Performance in sensorimotor behaviors guides our understanding of many of the key computational functions of the brain: the representation of sensory information, the translation of sensory signals to commands for movement, and the production of behavior. Eye movement behaviors have become a valuable testing ground for theories of neural computation because the neural circuitry has been well characterized and eye movements can be tightly coupled to cortical activity. We use an eye movement behavior called smooth pursuit as a model for testing theories of sensory coding. Pursuit is a natural behavior in which we move our eyes along with a visual target in order to stabilize its image on the fovea, a region of the retina with high spatial acuity, so we can see it in detail. There is a performance cost for errors in pursuit ˆ failure to match the eye to target movement will cause the retinal image to slip and impair visual acuity. The visual signals that guide pursuit arise from cortical area MT. Neurons in area MT provide information about a target's movement with the first few spikes of their responses on the timescale relevant to pursuit. I will present evidence that sensory errors in target motion estimation can be “read out” from pursuit movements which makes pursuit an ideal testing ground for theories of sensory coding at the level of neural populations in MT.

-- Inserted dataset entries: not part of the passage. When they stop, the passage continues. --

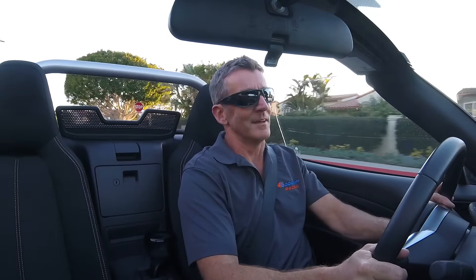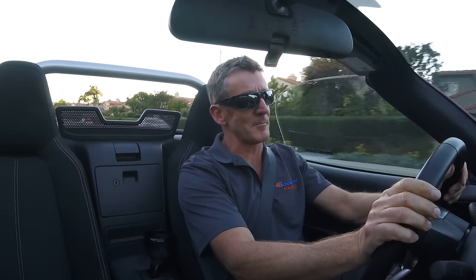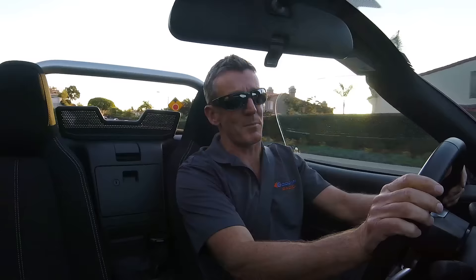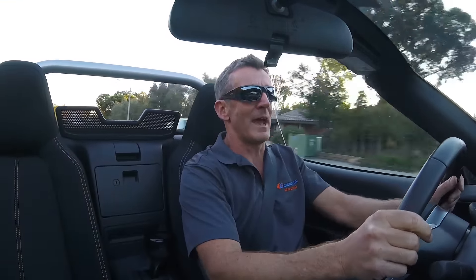Hello, Brian with Cuban Racing, driving our Fiat 124 project car today. Got our complete exhaust system on here: two and a half inch cross pipe at the front, two and a half inch mid pipe with resonator in the middle, and our quad setup at the back.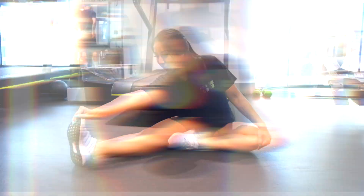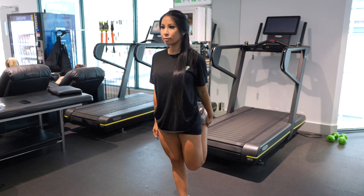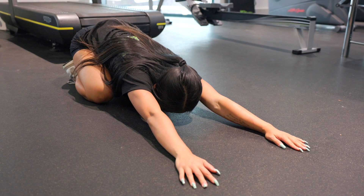Nice work. Now we're going to cool off and finish with some stretching. Start with a hamstring stretch, holding for 30 seconds each leg. Next, move into a quad stretch, holding for 30 seconds each leg. Finally, relax into a child's pose for one minute to stretch the back and shoulders.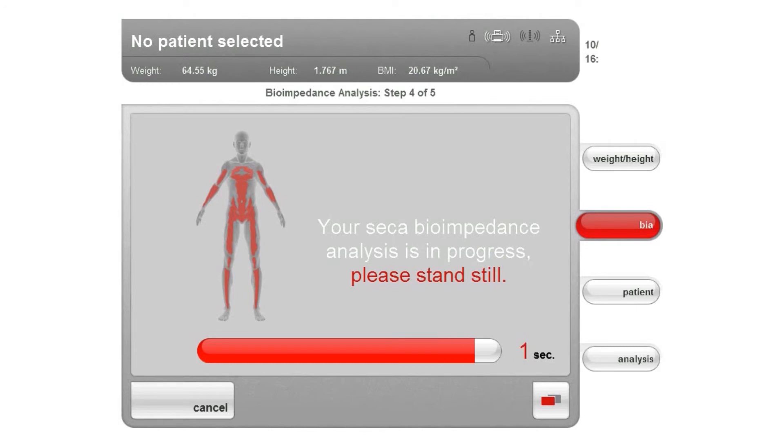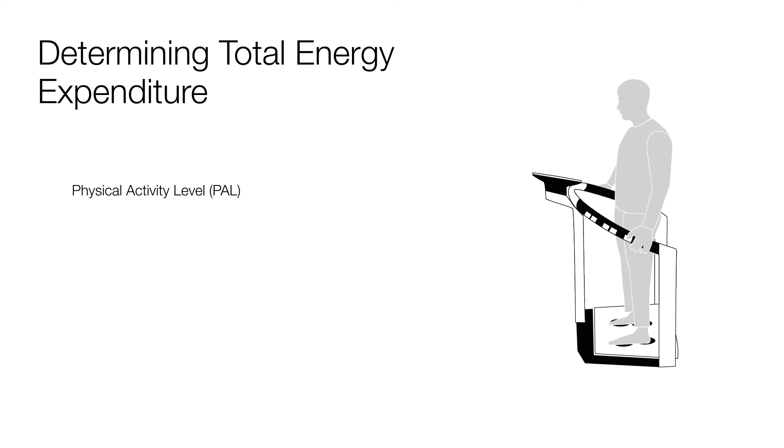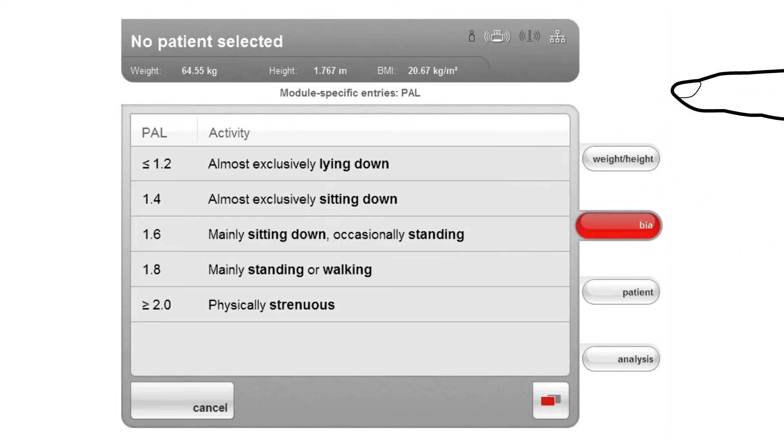You can immediately view the results in the software and use them to diagnose your patient. When the bioimpedance measurement is completed, the dialog box for the module-specific inputs appears. First, you will be asked to enter the PAL value. PAL stands for Physical Activity Level. If the energy module has not been selected for measurement, the input of the PAL value is not necessary and will be skipped. The PAL value is multiplied by the energy output at rest to determine the total energy expenditure of the test subject, which is generated in the evaluation module Energy. The typical PAL values include 1.4 for an inactive person who performs almost exclusively sedentary activities.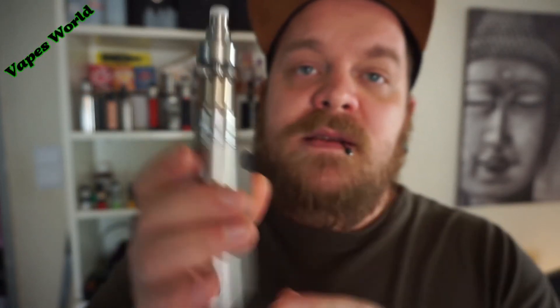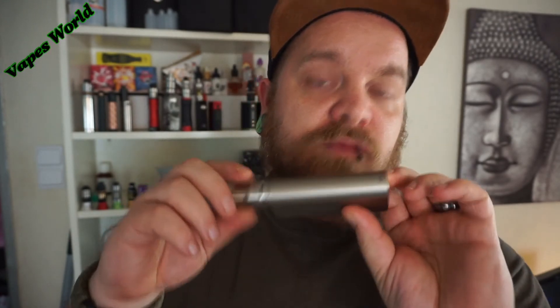Wer das immer so penibel ist mit den Kanten und wenn man einen 22 Millimeter Verdampfer hat, lohnt sich die Anschaffung sehr. Also ich kann den nur empfehlen. Er ist auch nicht teuer, liegt so glaube ich bei 25 Euro auf Gearbest. Link packe ich euch wie immer in die Beschreibung unten rein. Gefällt mir sehr, ist gut.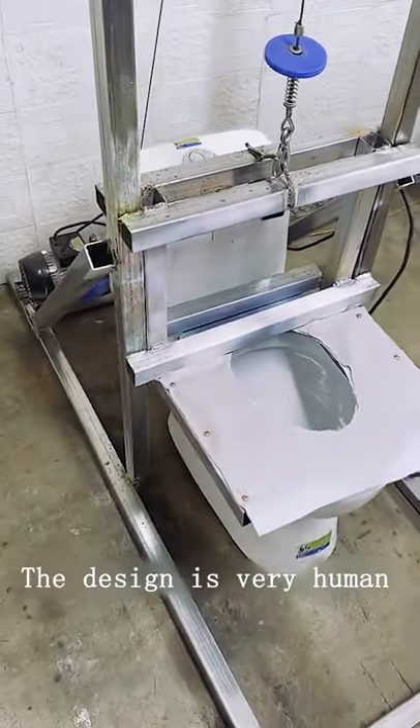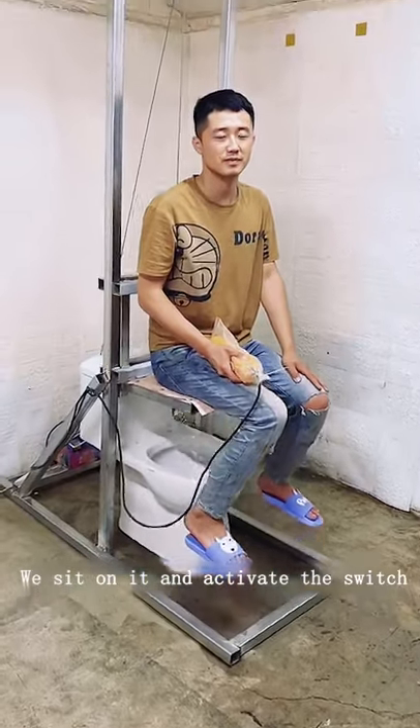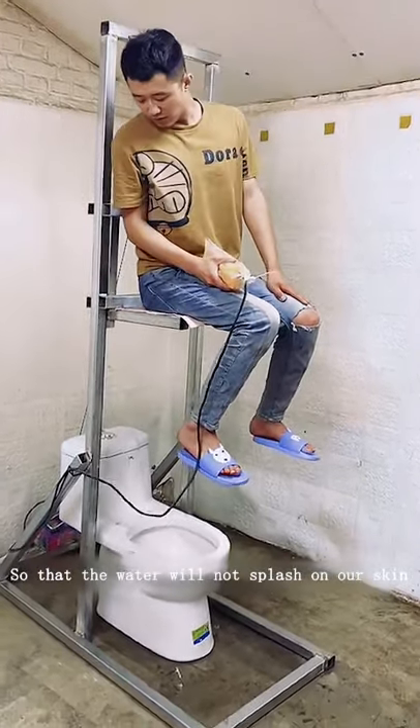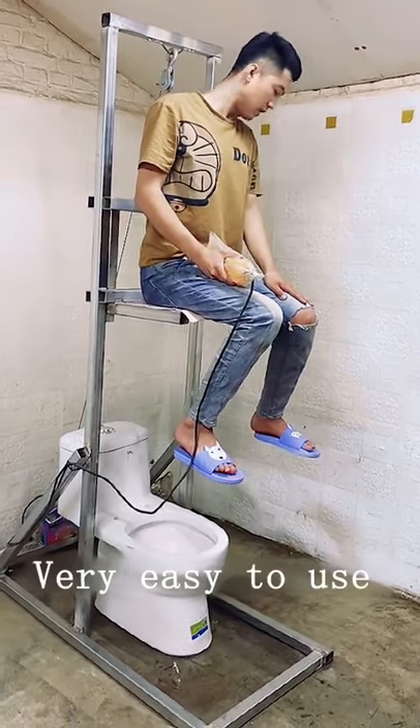The design is very human. We sit on it and activate the switch. Adjust the right height, so that the water will not splash on our skin. Very easy to use.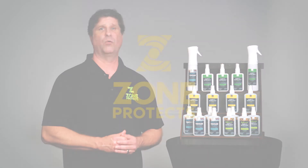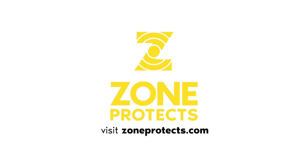If you have any questions at all, please call us at 1-833-GO-ZONE-1.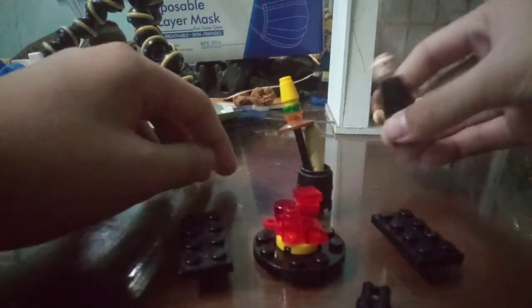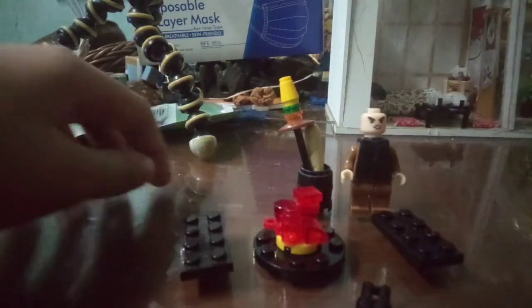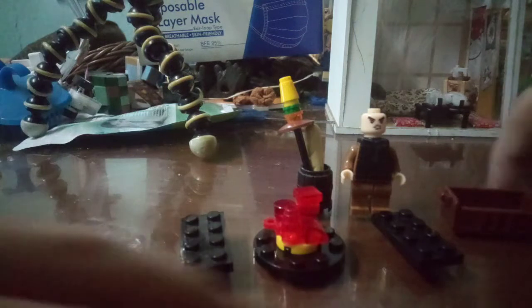And we have the minifigure so you can possibly do that.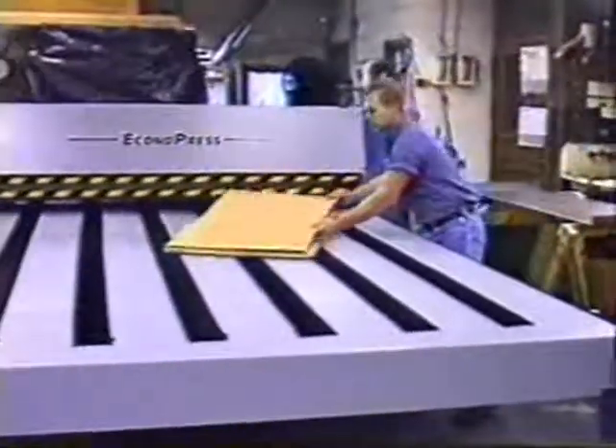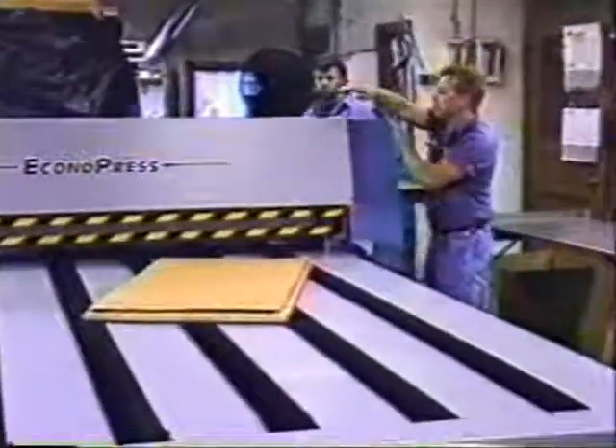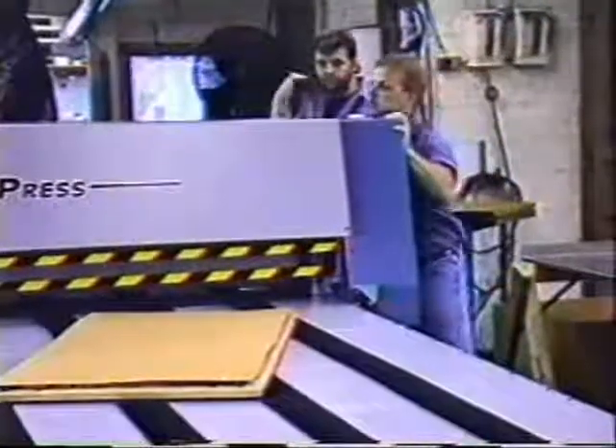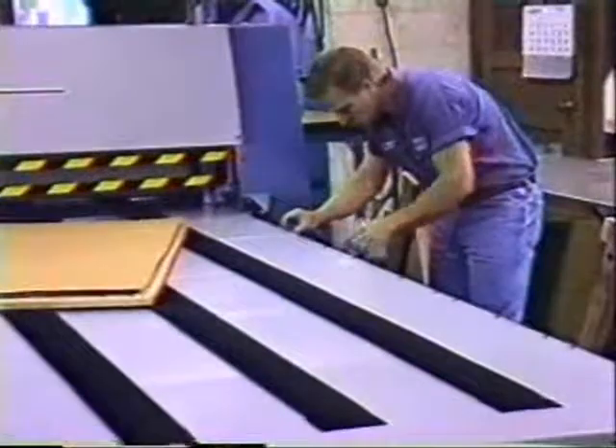Here a setup is prepared for running corrugated boxes. Knife penetration is adjusted by lowering the upper cylinder with a simple ratchet wrench, which can be done from either side of the machine, and the timing cycle is adjusted.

Alex Huk (Sunday, 2:20 pm)

Geometry and ecology of 3D motion perception

The University of Texas at Austin

The binocular perception of 3D motion through depth has been shown to be mediated by 2 distinct mechanisms: one that follows changes in conventional binocular disparity over time, and one that is based on an inter-ocular comparison of monocular velocities. Although these disparity- based and velocity-based cues are geometrically equivalent in most natural cases, they are isolatable in the lab using specialized stimuli. In this talk, I will review our prior work that isolates and compares the two binocular cues for 3D motion, and then I will extrapolate these results to more ecologically-valid environments. Our initial findings motivate the hypothesis that the disparity-based cue is relied on for slow-moving objects that are foveated, whereas the velocity- based cue is used for a broader range of speeds and eccentricities. I will then describe the results of a geometric analysis which compares our laboratory stimuli used to isolate the velocity-based cue with the actual retinal projections incurred by a realistic moving object. This analysis characterizes additional sources of information available in naturalistic scenes, but also reveals that the inter-ocular velocity difference per se is invariant across simplified laboratory stimuli and realistic natural geometry. Together, these analyses should pave the way for generalizing the well- studied motion and disparity streams to natural scenes and tasks without loss of rigor.